The Eight Books of Thucydides' History, translated by R. Crawley.
Chapter IX : Fourth and Fifth Years of the War—Revolt of Mitylene
Chapter X : Fifth Year of the War—Trial and Execution of the Plataeans— Corcyraean Revolution
Chapter XI : Year of the War—Campaigns of Demosthenes in Western Greece—Ruin of Ambracia
Fourth and Fifth Years of the War—Revolt of Mitylene
The next summer, just as the corn was getting ripe, the Peloponnesians and their allies invaded Attica under the command of Archidamus, son of Zeuxidamus, king of the Lacedaemonians, and sat down and ravaged the land; the Athenian horse as usual attacking them, wherever it was practicable, and preventing the mass of the light troops from advancing from their camp and wasting the parts near the city. After staying the time for which they had taken provisions, the invaders retired and dispersed to their several cities.

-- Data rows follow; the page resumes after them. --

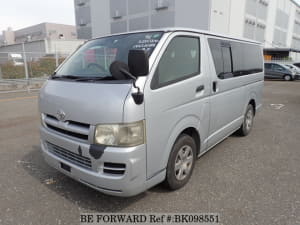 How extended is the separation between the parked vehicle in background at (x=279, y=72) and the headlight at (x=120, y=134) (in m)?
19.0

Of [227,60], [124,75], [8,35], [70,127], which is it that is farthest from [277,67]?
[8,35]

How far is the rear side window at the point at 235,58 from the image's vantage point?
11.0 ft

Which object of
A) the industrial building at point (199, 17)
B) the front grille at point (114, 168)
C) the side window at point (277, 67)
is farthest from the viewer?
the industrial building at point (199, 17)

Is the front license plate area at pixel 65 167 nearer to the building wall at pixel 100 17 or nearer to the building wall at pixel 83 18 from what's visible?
the building wall at pixel 100 17

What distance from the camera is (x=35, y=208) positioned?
2518 mm

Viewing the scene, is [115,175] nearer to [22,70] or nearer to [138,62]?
[138,62]

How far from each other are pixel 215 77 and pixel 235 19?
2952 centimetres

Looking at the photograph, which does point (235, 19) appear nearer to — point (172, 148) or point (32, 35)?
point (172, 148)

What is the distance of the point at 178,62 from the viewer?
2660 mm

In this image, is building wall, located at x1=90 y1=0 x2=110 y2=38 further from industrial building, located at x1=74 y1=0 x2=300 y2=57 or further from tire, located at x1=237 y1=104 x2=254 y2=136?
tire, located at x1=237 y1=104 x2=254 y2=136

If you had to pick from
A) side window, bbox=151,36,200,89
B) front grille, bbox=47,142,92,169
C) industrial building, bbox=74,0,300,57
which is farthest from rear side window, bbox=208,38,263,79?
industrial building, bbox=74,0,300,57

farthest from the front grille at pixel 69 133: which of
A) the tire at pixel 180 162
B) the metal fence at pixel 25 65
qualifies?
the metal fence at pixel 25 65

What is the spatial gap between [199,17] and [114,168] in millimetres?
27235

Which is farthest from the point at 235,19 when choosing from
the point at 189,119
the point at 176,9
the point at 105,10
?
the point at 189,119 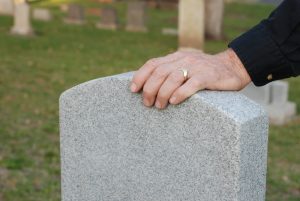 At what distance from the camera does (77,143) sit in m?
2.21

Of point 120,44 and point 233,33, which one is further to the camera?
point 233,33

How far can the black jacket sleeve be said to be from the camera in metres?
1.95

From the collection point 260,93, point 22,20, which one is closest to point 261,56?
point 260,93

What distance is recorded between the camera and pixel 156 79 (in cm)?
188

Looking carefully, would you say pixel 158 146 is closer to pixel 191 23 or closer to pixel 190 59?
pixel 190 59

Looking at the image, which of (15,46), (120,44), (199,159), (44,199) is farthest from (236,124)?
(120,44)

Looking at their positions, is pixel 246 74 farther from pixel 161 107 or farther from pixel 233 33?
pixel 233 33

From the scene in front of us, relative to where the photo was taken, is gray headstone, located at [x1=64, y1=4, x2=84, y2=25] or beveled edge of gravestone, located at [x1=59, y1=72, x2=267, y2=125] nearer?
beveled edge of gravestone, located at [x1=59, y1=72, x2=267, y2=125]

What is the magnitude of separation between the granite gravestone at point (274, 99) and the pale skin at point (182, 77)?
225 inches

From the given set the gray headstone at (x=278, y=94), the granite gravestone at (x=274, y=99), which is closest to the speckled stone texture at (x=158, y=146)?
the granite gravestone at (x=274, y=99)

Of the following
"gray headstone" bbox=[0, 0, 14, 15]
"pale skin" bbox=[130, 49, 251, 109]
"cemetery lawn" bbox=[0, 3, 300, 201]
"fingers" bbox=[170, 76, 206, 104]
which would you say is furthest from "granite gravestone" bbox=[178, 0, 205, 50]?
"fingers" bbox=[170, 76, 206, 104]

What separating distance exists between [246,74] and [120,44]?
12.1 m

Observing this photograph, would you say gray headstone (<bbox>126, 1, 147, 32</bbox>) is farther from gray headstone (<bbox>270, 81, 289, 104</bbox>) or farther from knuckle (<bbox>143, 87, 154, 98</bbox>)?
knuckle (<bbox>143, 87, 154, 98</bbox>)

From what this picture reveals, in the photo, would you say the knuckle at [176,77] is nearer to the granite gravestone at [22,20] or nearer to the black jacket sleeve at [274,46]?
the black jacket sleeve at [274,46] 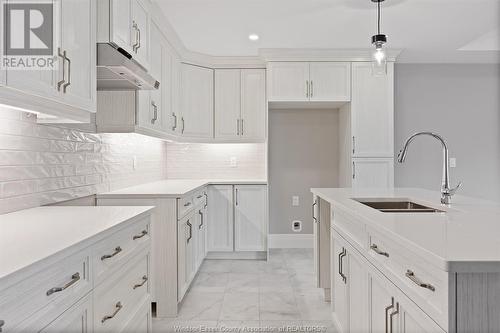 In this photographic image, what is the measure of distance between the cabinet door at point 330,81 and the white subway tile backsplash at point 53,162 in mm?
2210

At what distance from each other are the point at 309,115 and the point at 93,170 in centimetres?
293

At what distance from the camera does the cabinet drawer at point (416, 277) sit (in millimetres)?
878

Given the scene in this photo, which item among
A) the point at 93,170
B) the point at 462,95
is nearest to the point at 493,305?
the point at 93,170

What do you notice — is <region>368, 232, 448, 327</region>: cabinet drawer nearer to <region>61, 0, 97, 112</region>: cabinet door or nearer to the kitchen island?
the kitchen island

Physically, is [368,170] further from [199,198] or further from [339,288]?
[339,288]

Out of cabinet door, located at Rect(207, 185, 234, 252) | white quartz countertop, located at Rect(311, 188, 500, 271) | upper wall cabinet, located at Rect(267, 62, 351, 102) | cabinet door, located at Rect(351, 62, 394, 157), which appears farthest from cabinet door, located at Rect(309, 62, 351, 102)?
white quartz countertop, located at Rect(311, 188, 500, 271)

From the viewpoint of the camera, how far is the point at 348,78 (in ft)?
12.9

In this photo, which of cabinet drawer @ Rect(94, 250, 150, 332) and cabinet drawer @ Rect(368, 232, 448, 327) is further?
cabinet drawer @ Rect(94, 250, 150, 332)

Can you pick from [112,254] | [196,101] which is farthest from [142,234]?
[196,101]

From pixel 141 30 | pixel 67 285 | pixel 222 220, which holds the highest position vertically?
pixel 141 30

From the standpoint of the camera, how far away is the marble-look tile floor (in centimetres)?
233

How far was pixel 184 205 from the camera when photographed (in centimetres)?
265

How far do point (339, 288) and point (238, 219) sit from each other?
1965mm

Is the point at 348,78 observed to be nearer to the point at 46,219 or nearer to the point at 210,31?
the point at 210,31
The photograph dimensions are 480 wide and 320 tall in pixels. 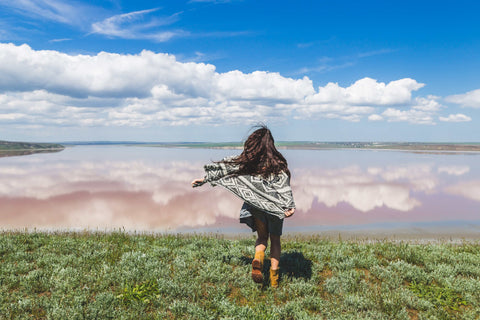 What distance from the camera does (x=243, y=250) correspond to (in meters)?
8.41

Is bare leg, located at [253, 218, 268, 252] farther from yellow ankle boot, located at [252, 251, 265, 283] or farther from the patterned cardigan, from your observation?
the patterned cardigan

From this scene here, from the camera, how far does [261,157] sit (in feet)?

Immediately after the invasion of the Peloponnesians all Lesbos, except Methymna, revolted from the Athenians. The Lesbians had wished to revolt even before the war, but the Lacedaemonians would not receive them; and yet now when they did revolt, they were compelled to do so sooner than they had intended. While they were waiting until the moles for their harbours and the ships and walls that they had in building should be finished, and for the arrival of archers and corn and other things that they were engaged in fetching from the Pontus, the Tenedians, with whom they were at enmity, and the Methymnians, and some factious persons in Mitylene itself, who were proxeni of Athens, informed the Athenians that the Mitylenians were forcibly uniting the island under their sovereignty, and that the preparations about which they were so active, were all concerted with the Boeotians their kindred and the Lacedaemonians with a view to a revolt, and that, unless they were immediately prevented, Athens would lose Lesbos.